-- Dataset section follows --

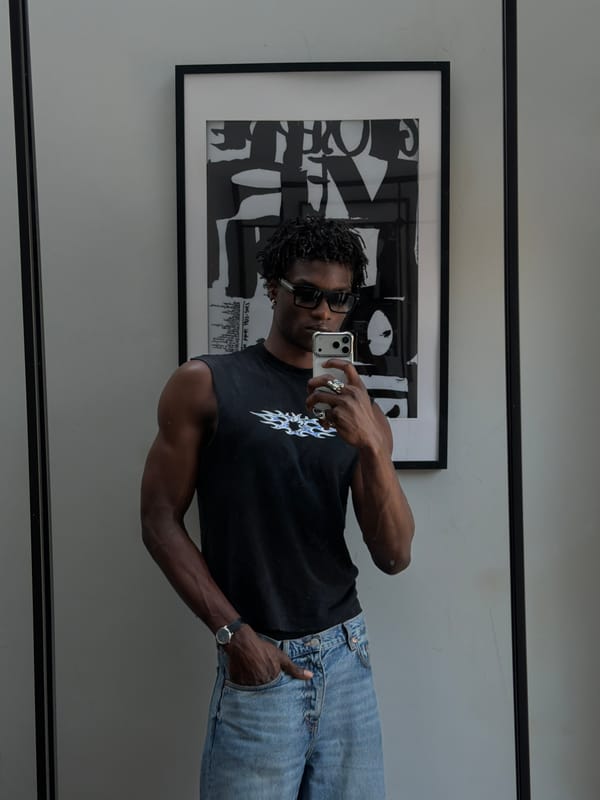 Mirror selfie showing flame graphic tee and light blue denim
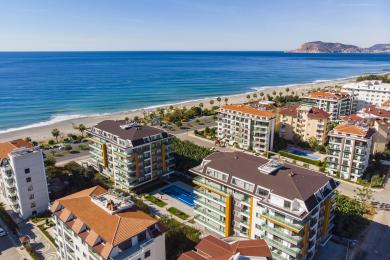 Luminoso soggiorno ad Alanya con divano, finestre a tutta altezza e splendida vista sul mare dal balcone.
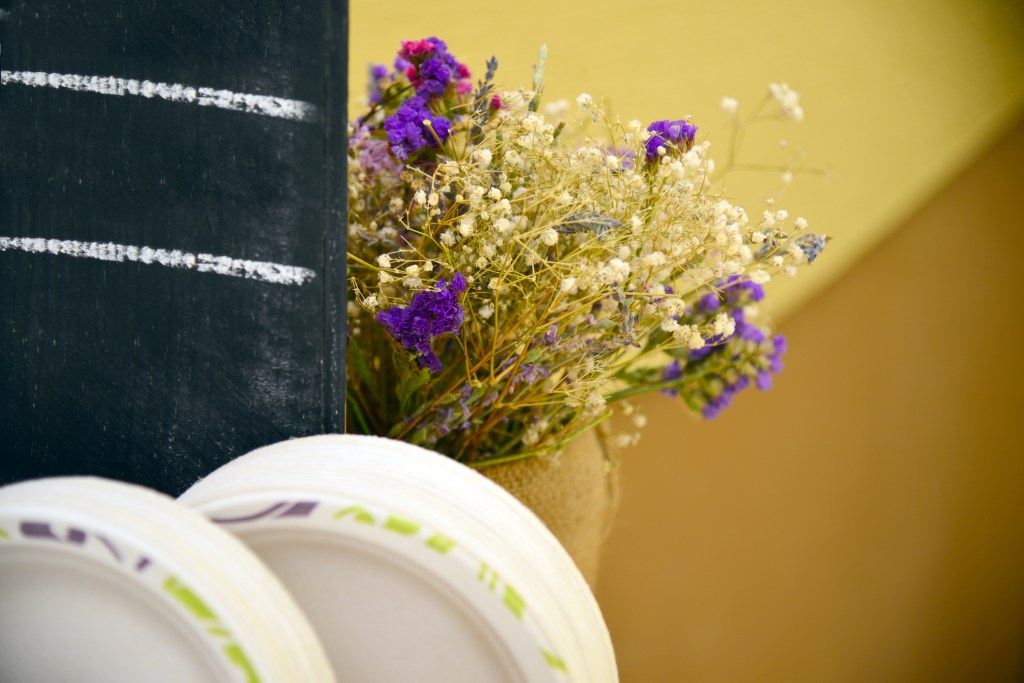 Outdoors kitchen stup and catering with black wall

-- Dataset section concluded --

In the copy, include no pictures; restate the listing above exactly.

 Mirror selfie showing flame graphic tee and light blue denim
 Luminoso soggiorno ad Alanya con divano, finestre a tutta altezza e splendida vista sul mare dal balcone.
 Outdoors kitchen stup and catering with black wall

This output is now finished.